Regulation & Legislation
This article is part of our Retirement Plan Trends series, which explores issues affecting the retirement space.
The U.S. Department of Labor (DOL) recently expanded its nearly 50-year-old fiduciary rule to include more types of investment advice and more people who provide professional advice for a fee. While the changes primarily affect financial services providers, there are a few noteworthy areas for employers who offer workplace retirement plans.
Proponents of the rule changes say they will help mitigate conflicts of interest, while critics say they will reduce access to investment advice and education for investors.
The rule update is the latest in a series of attempts by the DOL to revise the definition of a fiduciary. These efforts reflect changes in the marketplace since enactment of the fiduciary rule in 1975, including the shift to defined contribution (DC) plans from traditional pensions and the growth of the individual retirement account (IRA) market largely through rollovers. The DOL’s previous attempt to rewrite the rule was struck down by a federal appeals court in 2018.
Potential impacts on plan sponsors
Employers that offer workplace retirement plans could see several potential impacts from the rule changes. Here we highlight six key areas:
1. Human resources departments get a pass. The DOL’s revised rule addresses a long-standing question about whether human resources (HR) employees are fiduciaries when they communicate with participants about investing in the company’s retirement plan. The DOL definitively states that HR employees are not fiduciaries for two reasons: first, they do not regularly provide professional investment advice as part of their jobs; and second, their salaries do not constitute a fee associated with providing investment advice to plan participants. This is a positive development for employers because it should make it easier for HR employees to discuss investment options with participants, such as recommending that employees who are overwhelmed by the available investment choices consider a target date fund.
2. Unlike savings recommendations, distribution recommendations are viewed as fiduciary advice. A recommendation that a plan participant increase their saving rate is not considered an investment recommendation under the expanded rule. But it does treat recommendations for distribution of a participant’s plan assets as a fiduciary investment recommendation even if no securities are discussed. In the DOL’s view, inherent in a distribution recommendation is a recommendation to sell securities. Among the potential implications, this could make it more difficult for a plan’s service providers to recommend drawdown strategies such as lifetime income options.
3. Rollover and annuity recommendations are under scrutiny. A key aim of the rule’s expansion was to definitively apply a fiduciary standard to one-time recommendations for retirement plan rollovers and annuity purchases. While the DOL takes the position that these recommendations are fiduciary recommendations if there is ongoing advice in the rollover IRA, some courts have concluded that these recommendations currently fall outside the fiduciary standard because the old rules require that investment advice be provided on an ongoing basis in the plan to rise to a fiduciary level. This clarification should be a welcome change for plan sponsors who want to keep retirees in their plan. It will require financial advisors to perform an in-depth comparison of the institutional retirement plan’s investment options, fees and services to those of a retail individual retirement account to determine whether a recommended rollover is in the investor’s best interests.
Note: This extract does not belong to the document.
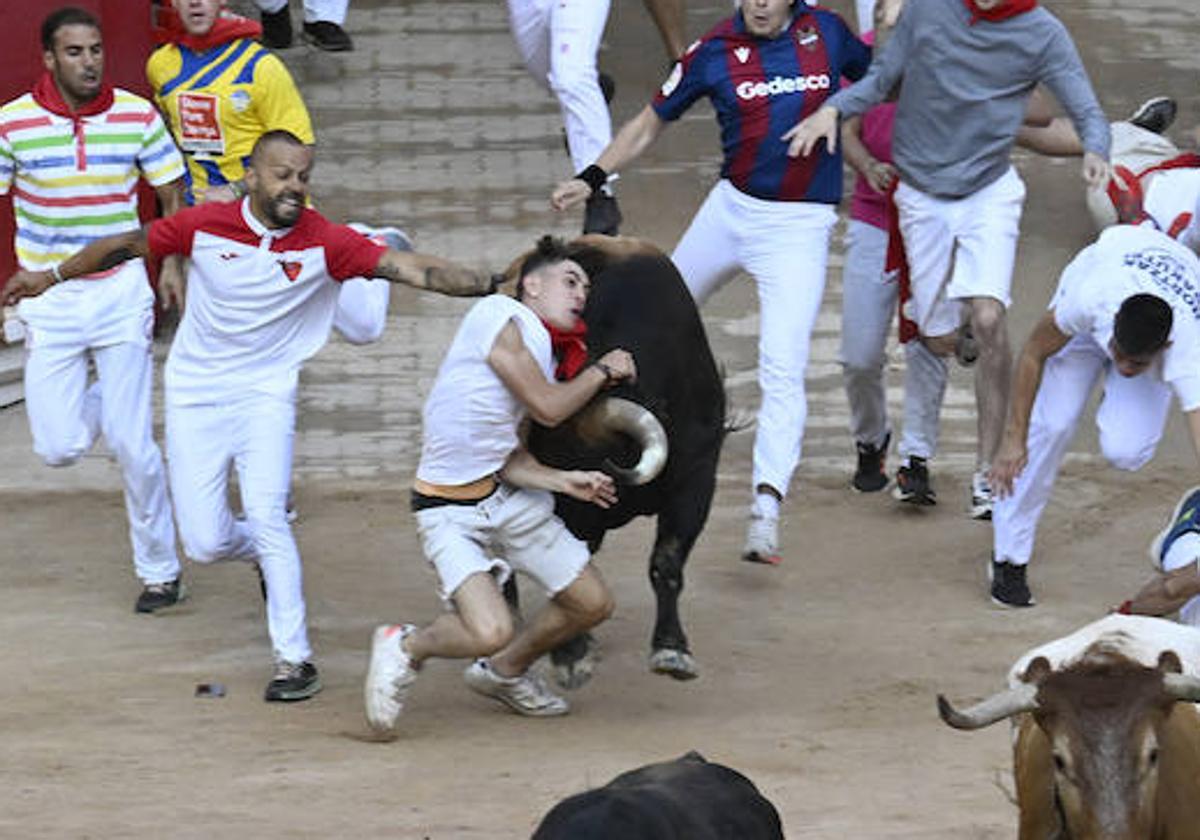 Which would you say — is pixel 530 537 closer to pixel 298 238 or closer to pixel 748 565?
pixel 298 238

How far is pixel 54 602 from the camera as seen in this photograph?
10.5 m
4. Recordkeepers and other service providers could be more constrained. Employers should also be aware of the potential impact on recordkeepers and other third-party vendors, who may be forced to decide whether and when they are acting as fiduciaries. For instance, a recordkeeper’s call center personnel could be fiduciaries under the revised rule when they discuss plan-specific investments or rollovers. Even basic tools like drawdown calculators on recordkeepers’ participant-facing websites could be in the crosshairs if they were seen as providing individualized recommendations.
5. Higher risk of co-fiduciary liability. A related concern for employers is the risk of liability associated with breaches of fiduciary duty by a vendor or service provider, such as a recordkeeper’s call center. For example, a recordkeeper making rollover recommendations to plan participants is giving fiduciary advice under the DOL’s expanded rule. If that recordkeeper is a financial institution guiding participants to its own products, it could be in breach of its fiduciary duty to put the investor’s interests ahead of its own, potentially exposing the employer to liability. This could put the onus on plan sponsors to increase due diligence and monitoring of third-party service providers.
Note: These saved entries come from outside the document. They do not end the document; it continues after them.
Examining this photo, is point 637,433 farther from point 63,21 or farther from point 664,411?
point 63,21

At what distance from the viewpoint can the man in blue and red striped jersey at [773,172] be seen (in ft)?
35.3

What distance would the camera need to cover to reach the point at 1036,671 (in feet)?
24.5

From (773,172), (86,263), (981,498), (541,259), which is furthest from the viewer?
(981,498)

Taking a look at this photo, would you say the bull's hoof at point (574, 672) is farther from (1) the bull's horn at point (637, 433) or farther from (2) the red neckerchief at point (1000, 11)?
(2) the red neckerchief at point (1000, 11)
6. Stance on investment education is reaffirmed. As part of its rulemaking, the DOL has reaffirmed its existing guidance regarding the distinction between investment education and advice. This maintains the sponsor’s ability to advise participants to do things like diversify their investments or even to hold suggested percentages of their account balances in certain asset classes, so long as they don’t suggest specific investment products. However, it is not completely clear how the existing education guidance aligns with the expanded fiduciary definition, so it may be prudent for employers to review their educational tools with an eye on this shift in the regulatory backdrop.
The future is uncertain
With the rule scheduled to take effect on September 23, 2024, it will be in place before a potential change in administration following the U.S. presidential election in November. That said, the DOL may face legal challenges given the strong objections from various corners of the financial services industry. This could result in a challenging compliance environment with interested stakeholders taking steps to comply with a rule that may well be revoked in the courts or reopened in a new administration.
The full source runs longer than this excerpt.